Exercise prompt → Transcribe word for word each line from the one containing "Involtini di salmone" to the final line of the data, both included. Skip the pictures.

Recorded information →
○ ○ ○ ○ ○
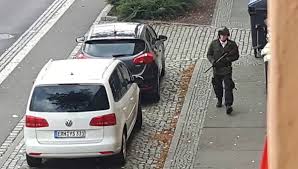 44:19 france 24 13 371 просмотр. Attentat En Allemagne Diffuse En Ligne On Ne Peut Pas Distinguer La Realite D Un Jeu Video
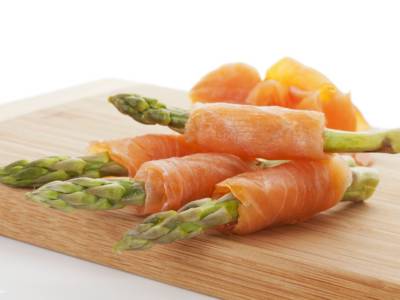 Involtini di salmone affumicato e asparagi: un antipasto sfizioso!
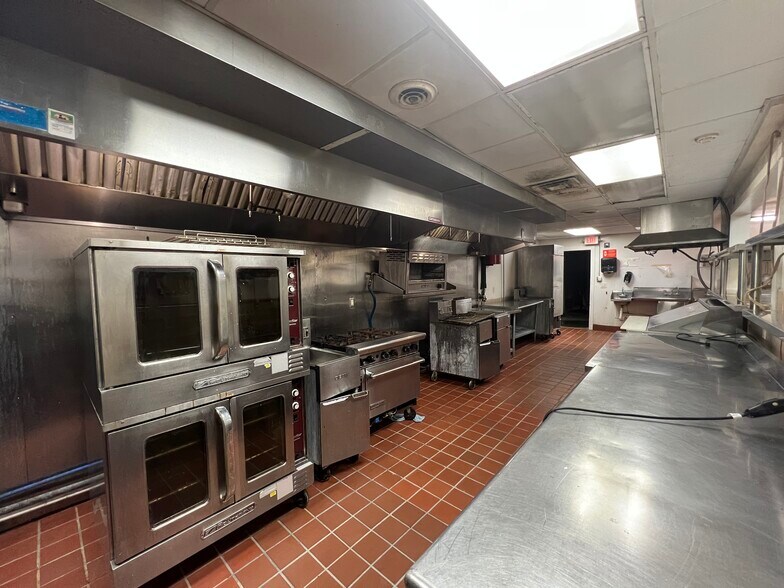 More Photos Of 300 N Lake Park Blvd, Carolina Beach Restaurant For Lease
○ ○ ○ ○ ○
Completed task →
 Involtini di salmone affumicato e asparagi: un antipasto sfizioso!
 More Photos Of 300 N Lake Park Blvd, Carolina Beach Restaurant For Lease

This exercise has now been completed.